Se eles próprios acham que o governo é ótimo, e que o seu inspirador é um santo, por que raios a maioria do eleitorado iria trocar o time que já está lá em cima? Se oferecem, no fundo, as mesmas coisas, para que mudar? Não importa: para os cérebros da atual oposição, é melhor perder sem briga do que perder brigando.

E a hipótese de tentar a vitória convencendo os eleitores de que o Brasil poderia ser muito mais bem governado — e que, para isso, é preciso trocar a equipe que está mandando? E a disposição de dizer claramente: “Nós somos contra a conduta deste governo e propomos um programa diferente para o Brasil”?

São coisas que têm estado fora da cogitação das lideranças oposicionistas há anos. Os fatos comprovam que haveria campo de sobra para o exercício de uma oposição verdadeira: na última eleição presidencial, com todo o malabarismo dos partidos oposicionistas para esconder que eram de oposição, seu candidato principal acabou obtendo 44 milhões de votos no segundo turno.

Obviamente, todos esses votos vieram de cidadãos que reprovam o governo e querem substituí-lo por outro; obviamente, não existe a quase unanimidade a favor do ex-presidente Luiz Inácio Lula da Silva, de sua candidata, de seu partido e de seus aliados, como acredita o comando da oposição.

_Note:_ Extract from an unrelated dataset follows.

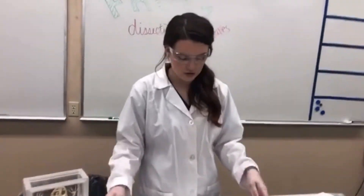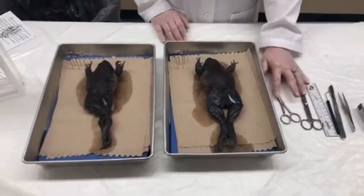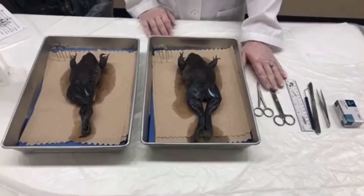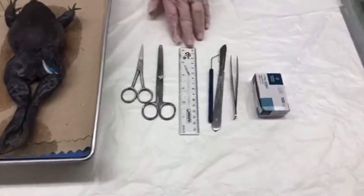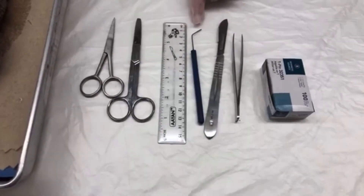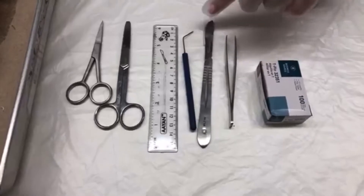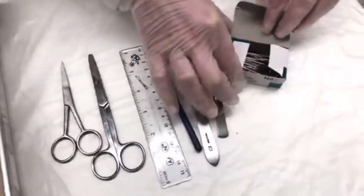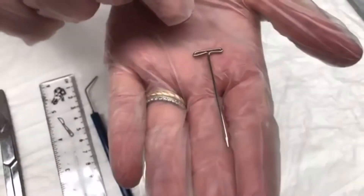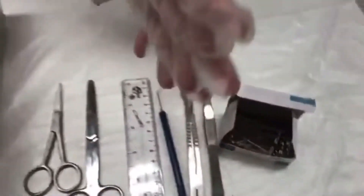I'm going to bring you guys a little bit closer so you can see the game plan here. We've got a couple different types of scissors to cut into our specimen, a ruler to help you understand the scale, a probe which is a little pokey tool to point to things or pick things up, a scalpel which is very sharp, tweezers, and T-pins that are essentially little pokey pins we can use to peel back specimens and hold them open. Of course, I have my gloves and eye protection.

Mas esses números são de escasso interesse para os oposicionistas. Continuam achando que é inútil “bater de frente” com o governo — e, enquanto não descobrem o que fazer, vão se tornando cada vez mais experientes em brigar entre si próprios.

Não há sinais de mudança nesse horizonte. Nada mudará enquanto os líderes da oposição continuarem acreditando que política, no Brasil de hoje, é mera soma de ações de marketing na qual só interessa a “venda” de um “produto”, como se faz com um pacote de margarina.

Nada mudará enquanto permanecerem fascinados por “pesquisas de opinião” — e, sobretudo, nada mudará enquanto acharem que é possível ganhar guerras fazendo apenas retiradas.